Running CR job directly between nodes instead of through XOA Appliance possible?
-
Hello,
I have configured a Continuous Replication job for a VM on a pool with local storage between 2 hosts within the same pool.
These hypervisors have a migration network which we also configured as the "Default migration network".Now the issue is this migration network is connected with 2x 10Gbit bonded network.
The XOA appliance only has a 1Gbit connection.

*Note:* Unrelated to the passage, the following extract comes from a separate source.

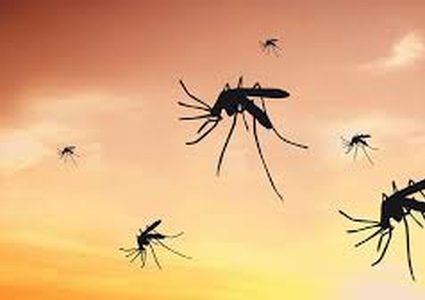 لسعة حشرة تسبب شلل دماغي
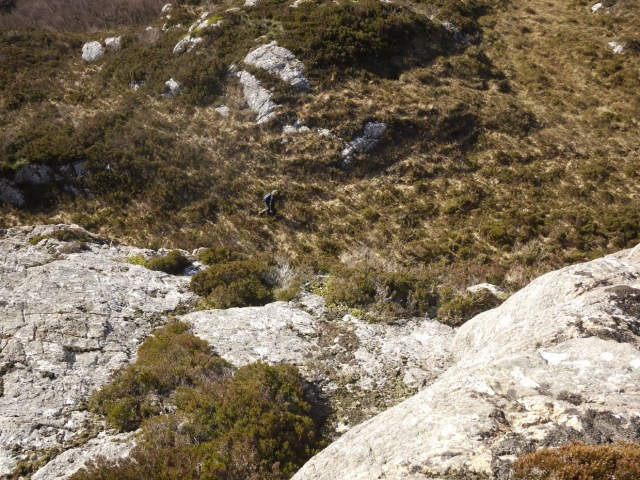 Looking for Linda!!!!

The CR job now uses the XOA appliance as a proxy to transfer the data from 1 host in the pool to another host in the same pool over a slow network connection while there is also a fast network available outside of the XOA appliance.Is it possible to do this CR job directly between the two hosts over the migration network, instead of sending the traffic through the XOA appliance?
Cheers,
Niels -
Add a VIF in your XOA inside that network, this way it could flow via your 2x10G network.
-
Hi,
Thanks for your response. Unfortunately the XOA appliance itself is not connected with a 10Gbit connection to the hypervisors so that is not possible.
However, I deployed a XOA Proxy ( https://xen-orchestra.com/docs/proxy.html ) in an attempt to do it.

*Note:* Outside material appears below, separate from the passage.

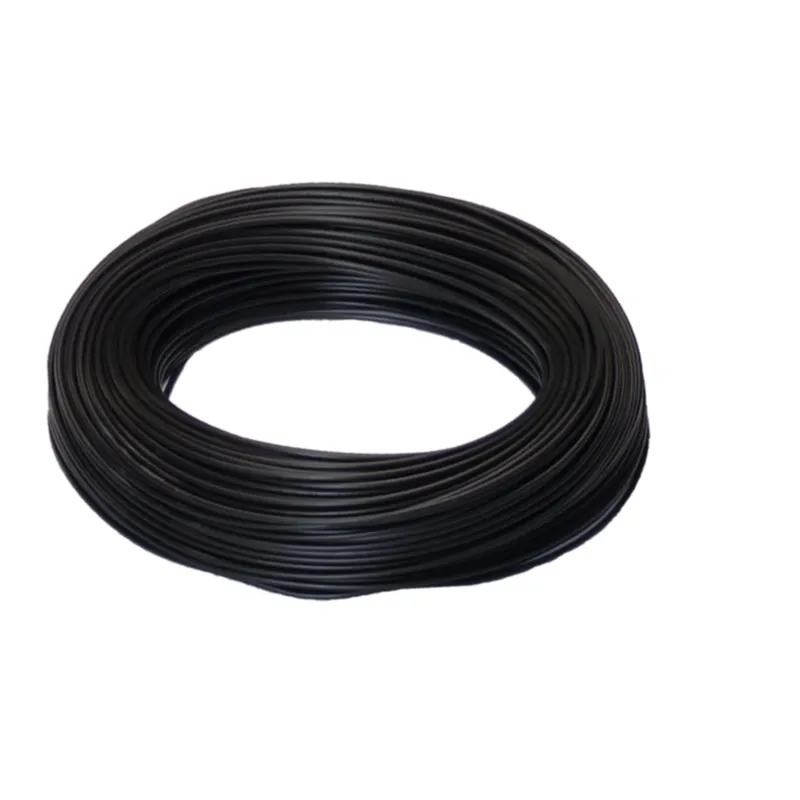 100m PVC-Aderleitung Eca H07V-U 1x10 RG100m schwarz Bestseller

So I have now done the following:
- The "Primary" XOA appliance (outside of the hypervisors it is managing) has a 1Gbit connection to the hypervisors.
- The Proxy XOA Appliance (a VM on the hypervisor it is managing) has a VIF in the management-VLAN (eth0). The primary XOA appliance can reach the Proxy over this (1Gbit) network
- The Proxy appliance also has an eth1 which has a VIF connected to our (10 Gbit) migration network. This is the network I want to run the backup over.
So this proxy appliance now has the management LAN on eth0 and the migration LAN on eth1. I want to run this backup over the eth1 network. However currently it is still going over eth0 and not eth1. How would I configure it to go over eth1?
The docs do mention adding a secondary network ( https://xen-orchestra.com/docs/proxy.html#adding-a-network-card-to-a-proxy ) so I assume it is possible somehow, but not sure how.
It also says:
As XOA uses the first IP address reported by XAPI to contact the proxy appliance, you may have to switch the network card order if you want your proxy to be connected through a specific IP address.
However since the primary XOA is only on the management (1Gbit) LAN it has to go over the eth0 interface from Primary XOA <-> Proxy and then eth1 from Proxy <-> Backup Target
Cheers,
Niels -
What do you mean? There's no "artificial network limitation speed" in a VM. There's no 1G or 10G NIC, it's paravirtualized, so it's up to the speed of your host CPU.
If you add a VIF in a VM on a 10G network, then you are in a 10G network in your VM.
-
@olivierlambert said in Running CR job directly between nodes instead of through XOA Appliance possible?:
What do you mean? There's no "artificial network limitation speed" in a VM. There's no 1G or 10G NIC, it's paravirtualized, so it's up to the speed of your host CPU.
If you add a VIF in a VM on a 10G network, then you are in a 10G network in your VM.
Hi Olivier,
We keep XOA physically separated (on a separate xcp-ng pool) from all the pools XOA is managing.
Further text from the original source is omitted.